If you make a LaTeX document without using many packages and without altering other defaults, then the style of the document is largely determined by two factors: the default font designed by Donald Knuth, and the default layout of the standard document classes designed by Leslie Lamport.
The default font is Computer Modern, designed by Donald Knuth. It is a computer version of the "modern" style typeface that was used in the first editions of his book The Art of Computer Programming. Knuth created TeX with the primary goal of using the computer to typeset this book.
Page Layout, Margins, Headings, etc.
The basic LaTeX document classes were designed by Leslie Lamport, based on then-common conventions for scientific publishing. For example, the large default margins in the
article class are intended for use by academic journals, which have a narrow type block, and would trim down the page to fit their format.
These core classes have most of the style elements hard-coded into them, meaning that the style decisions cannot easily be modified by the user. This was because of the memory restrictions of computers at the time. Now we can use packages to alter these values, or we can use alternate classes that make it easier to customize.
Paragraph Shape, Character Spacing, Kerning, etc.
A third factor that shapes the overall look of any LaTeX document is the unsurpassed algorithm for building lines, paragraphs, and pages, used in the core TeX typesetting program written by Donald Knuth. This central feature of the TeX program controls the distribution of words on the page, which creates what designers call the "grayness" of the page.

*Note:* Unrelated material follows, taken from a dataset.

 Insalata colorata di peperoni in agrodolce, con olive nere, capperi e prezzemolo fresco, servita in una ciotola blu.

Some people claim to be able to recognize TeX-produced documents based on this alone.
Going Beyond the Defaults
If you use a different font package (try
gillius for example) the look will change dramatically. If you use a non-standard document class (
memoir, the KOMA-script classes) or customize the standard ones by using packages like
geometry, or write your own class, you can have any page layout and style you want.
You can also use an alternate format, ConTeXt, which provides its own interface for customizing the layout.

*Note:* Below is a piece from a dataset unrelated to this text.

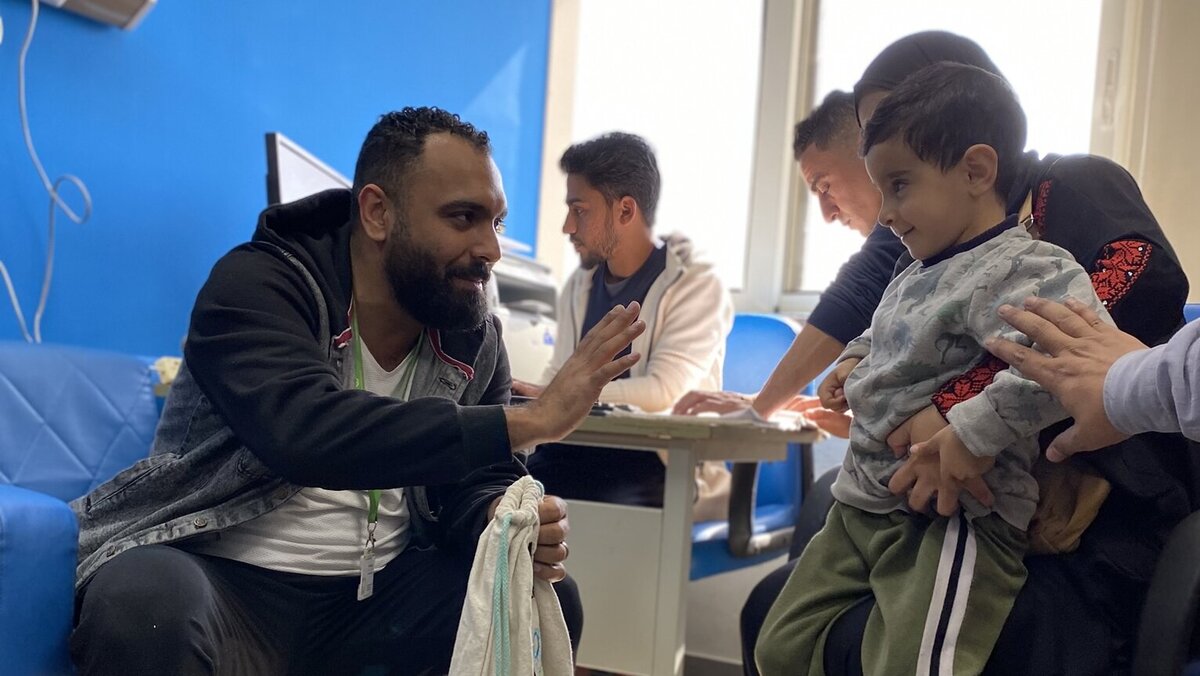 An aid worker in conversation with a Palestinian boy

Or you can use Knuth's original Plain TeX format, though this requires you to write almost all the formatting code yourself, down to exactly how much stretchable space to insert after a section heading or in front of a bullet point.
Donald Knuth typeset the later editions of The Art of Computer Programming using his own macro package for Plain TeX, and if you look at that book you'll see his stylistic preferences are rather different from those of the default LaTeX classes, such as using sans-serif font for headings and slanted type for book titles.